El defensor en puridad de verdad, más que un apéndice de los tribunales, es un apéndice del acusado, su prolongación práctica y humana. Por eso siempre lo ampara, le ayuda a hacer efectivo su derecho. El defensor defiende, dice Zaitsev y Poltorak, “aunque esto parezca tautología en apariencia y si se quiere, hasta una redundancia, pero ello constituye la esencia de la cuestión y hay que determinarlo así, sin rodeos, pues de ahí emanan consecuencias prácticas, bastante substanciales.
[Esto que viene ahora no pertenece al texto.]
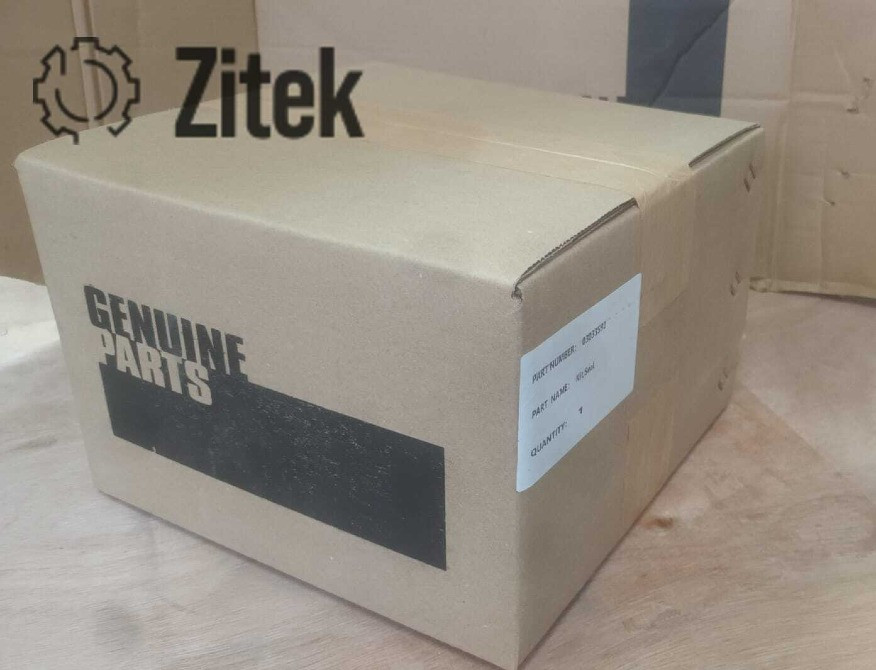 Rockford Ремкомплект гидромуфты 03033592 кта50 Sankt-Peterburg - photo 1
El defensor participa en el proceso, teniendo como exclusivo punto de mira, los intereses del acusado, aduce únicamente los argumentos que favorezcan al mismo, sólo presenta las pruebas que sirvan para absolver al acusado o atenuar su culpa. Y no tiene derecho a hacer nada que pueda empeorar la situación de su defendido o agravar su responsabilidad”. 
 
Se denomina parte, a los sujetos de un contrato: al vendedor y al comprador, al arrendador y al arrendatario, y a los sujetos de una Litis: el acreedor que quiere hacerse pagar, y el deudor que no quiere pagar; el propietario que exige la casa y el inquilino que insiste en seguir habitándola. Por esto las partes en un pleito asumen situaciones distintas entre sí, no pudiendo predicar de ellas que son afines a la justicia. La mayor insensatez consiste, en calificar al defensor, como un colaborador imparcial de la justicia. El abogado es una especie de testimonio de parte. Sus actos y críticas renuncian a ser agnósticos. Sus conclusiones, son el producto de una preocupación mutilada e incompleta. Sólo el juez puede ser imparcial. Por eso se le coloca en lo alto. La parte y contraparte, constituyen premisas, sobre las cuales el juez edifica su veredicto. 
 
La experiencia prueba que las partes jamás son consideradas como colaboradoras auténticas de la justicia. Dígalo si no, el recelo y las reservas con que el juez mira a los apoderados. Y es que realmente el abogado puede en un momento dado cooperar con el magistrado. Pero por ser una parte y no un “todo”, puede constituir un peligro para el juez. El derecho de defensa es ilimitado en términos morales. Los hechos ofrecen mil interpretaciones distintas. Carnelutti afirma que el defensor puede ayudar preciosamente al juez, pero por ser parcial, puede resultar sospechoso. Para Calamadrei, el “abogado” que pretendiese ejercer su ministerio con imparcialidad, no solo constituiría una embarazosa repetición del juez, sino que sería el peor enemigo de éste; porque o llenando su cometido, que es el de oponer a la parcialidad del contradictor, la reacción equilibradora de una parcialidad en sentido inverso, favorecería, creyendo ayudar a la justicia, el triunfo de la injusticia. Imparcial debe ser el juez, que es uno, por encima de los contendientes; pero los abogados están hechos para ser parciales.